まあね、めでたい話だ。今晩は私のおごりで冒険者全員で飲み会よ! 私とメイリはノンアルコール、フレッシュジュースで乾杯だけどね。ま、お別れの感謝会も兼ねてるからさ。店貸し切りだ! 飲め飲め!
私のギルドカードは、平民のリリアとして作り直した。手数料めちゃくちゃ高かったよ。ミスリルカードだからしょうがないね。
これで私は単なる一介の冒険者。メイリと一緒にお母様の生まれた国、ウインター・コールド王国を目指しましょう。
◇
『『みぃの〇いー〇ほに ふ~〇と〇ーと〜~』』
今日も二人でFFJを歌いながら、私達は街道を歩いていた。路銀の心配もないし、気を使うしがらみもない。自由って素敵ね。
「ウインター・コールド王国に着いたら、家と畑を買いましょう。そして二人でゆっくと余生を過ごそう』
「ステキです! リリア様」
うんうん。学園で過ごした五年で120億ゴールド貯まっているし。こんなに持ち出したら王国不況にならないかな? ま、大丈夫でしょう。きっと。国家予算より多いけど心配してもしょうがないね。
楽しくメイリと歩いていたら、向こうから土龍が大きな口を開けてやってきた。餌にする気だ。
「メイリ!」
「はい!」
メイリに四俣フォークを投げ与え、私はシャベルを構える。
「今だ!」
メイリのフォークが土龍の目に刺さる。そこにできた隙をついて、私のシャベルが、土龍の喉元を抉る。
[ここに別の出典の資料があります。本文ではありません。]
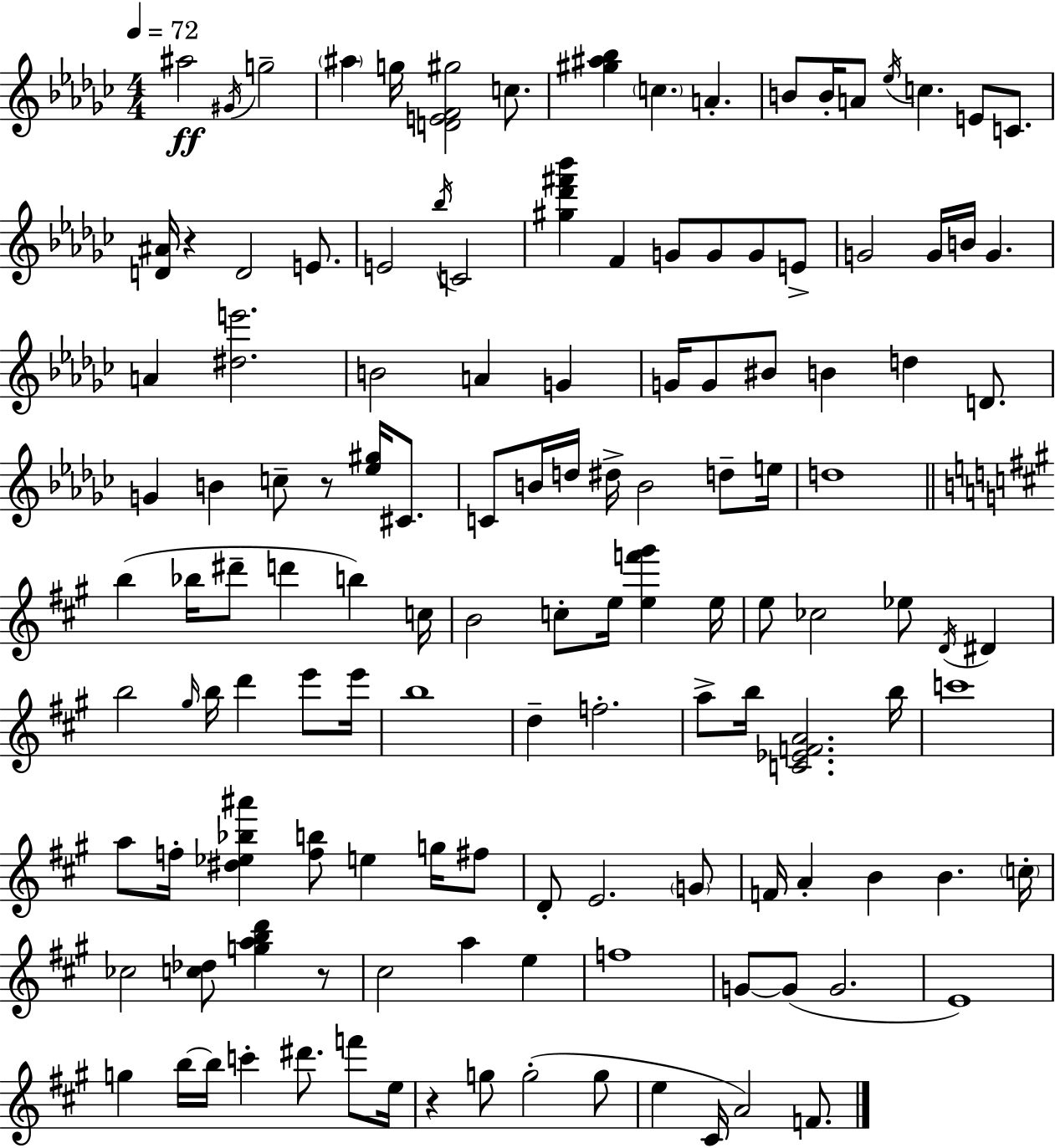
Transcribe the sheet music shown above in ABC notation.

X:1
T:Untitled
M:4/4
L:1/4
K:Ebm
^a2 ^G/4 g2 ^a g/4 [DEF^g]2 c/2 [^g^a_b] c A B/2 B/4 A/2 _e/4 c E/2 C/2 [D^A]/4 z D2 E/2 E2 _b/4 C2 [^g_d'^f'_b'] F G/2 G/2 G/2 E/2 G2 G/4 B/4 G A [^de']2 B2 A G G/4 G/2 ^B/2 B d D/2 G B c/2 z/2 [_e^g]/4 ^C/2 C/2 B/4 d/4 ^d/4 B2 d/2 e/4 d4 b _b/4 ^d'/2 d' b c/4 B2 c/2 e/4 [ef'^g'] e/4 e/2 _c2 _e/2 D/4 ^D b2 ^g/4 b/4 d' e'/2 e'/4 b4 d f2 a/2 b/4 [C_EFA]2 b/4 c'4 a/2 f/4 [^d_e_b^a'] [fb]/2 e g/4 ^f/2 D/2 E2 G/2 F/4 A B B c/4 _c2 [c_d]/2 [gabd'] z/2 ^c2 a e f4 G/2 G/2 G2 E4 g b/4 b/4 c' ^d'/2 f'/2 e/4 z g/2 g2 g/2 e ^C/4 A2 F/2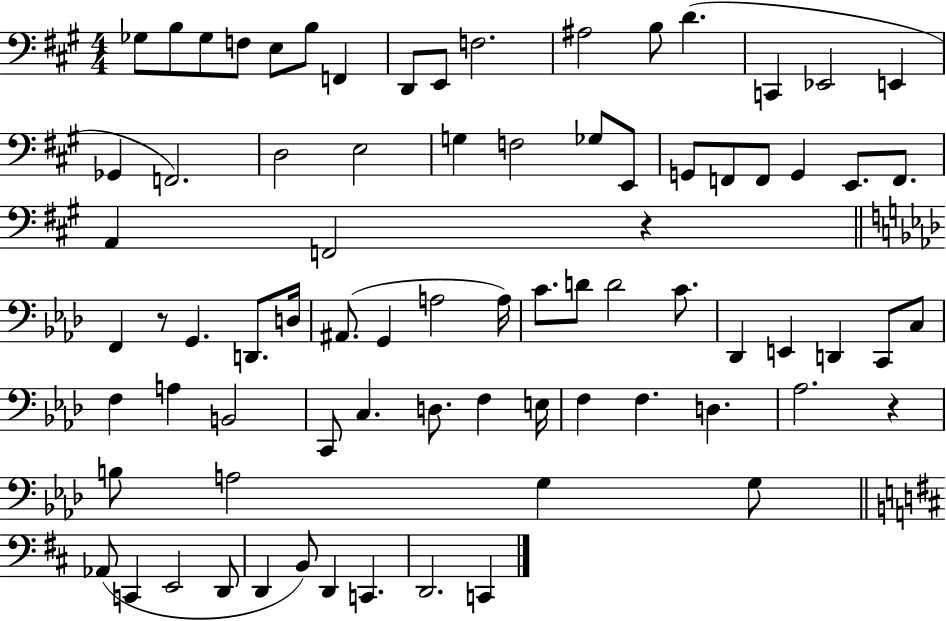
X:1
T:Untitled
M:4/4
L:1/4
K:A
_G,/2 B,/2 _G,/2 F,/2 E,/2 B,/2 F,, D,,/2 E,,/2 F,2 ^A,2 B,/2 D C,, _E,,2 E,, _G,, F,,2 D,2 E,2 G, F,2 _G,/2 E,,/2 G,,/2 F,,/2 F,,/2 G,, E,,/2 F,,/2 A,, F,,2 z F,, z/2 G,, D,,/2 D,/4 ^A,,/2 G,, A,2 A,/4 C/2 D/2 D2 C/2 _D,, E,, D,, C,,/2 C,/2 F, A, B,,2 C,,/2 C, D,/2 F, E,/4 F, F, D, _A,2 z B,/2 A,2 G, G,/2 _A,,/2 C,, E,,2 D,,/2 D,, B,,/2 D,, C,, D,,2 C,,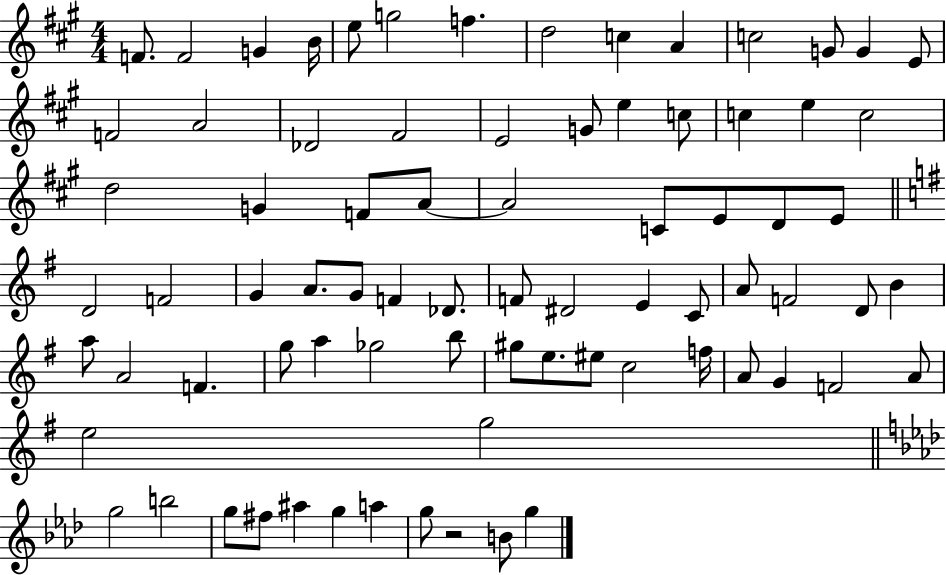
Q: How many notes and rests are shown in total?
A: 78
首を切ったら、たいがいの動物は死ぬよ。シャベルを横薙ぎにし、土龍を倒した。
やったね、ギルドへ持って行って換金だ!
マジックバックに解体せずに入れた。今日は贅沢するよ、メイリ! 次の街は温泉地だから、一緒に入るよ! 楽しみだね。
気分がいい時はFFJを歌うに限る。
『『みぃの〇いー〇ほに ふ~〇と〇ーと〜~』』
『『『あ〜い○へーい○を あ〜らわ○た〜』』』
あれ? カギカッコ増えてる?
『何農だ』
誰だよ! 農高同士か?
眼の前にでて来た女性は、スラッとした長身で、華やかな振り袖に矢絣の袴姿。長い黒髪が風にたなびいている。 凛とした佇まいなのになんて色っぽいの。FFJ歌えたから農高出身者よね。仲間よ! 高校答えなきゃ。
『道ノ奥農ですわ』
『我は蝦夷農だ。転生者か! ようこそ!』
やっぱり農高の同士だよ! FFJは農高を繋ぐ歌! しかも蝦夷農? 農高の中でもエリート中のエリート高じゃん! 敷地広いし、馬もいるのよね。農高生憧れの蝦夷農出身者だよ!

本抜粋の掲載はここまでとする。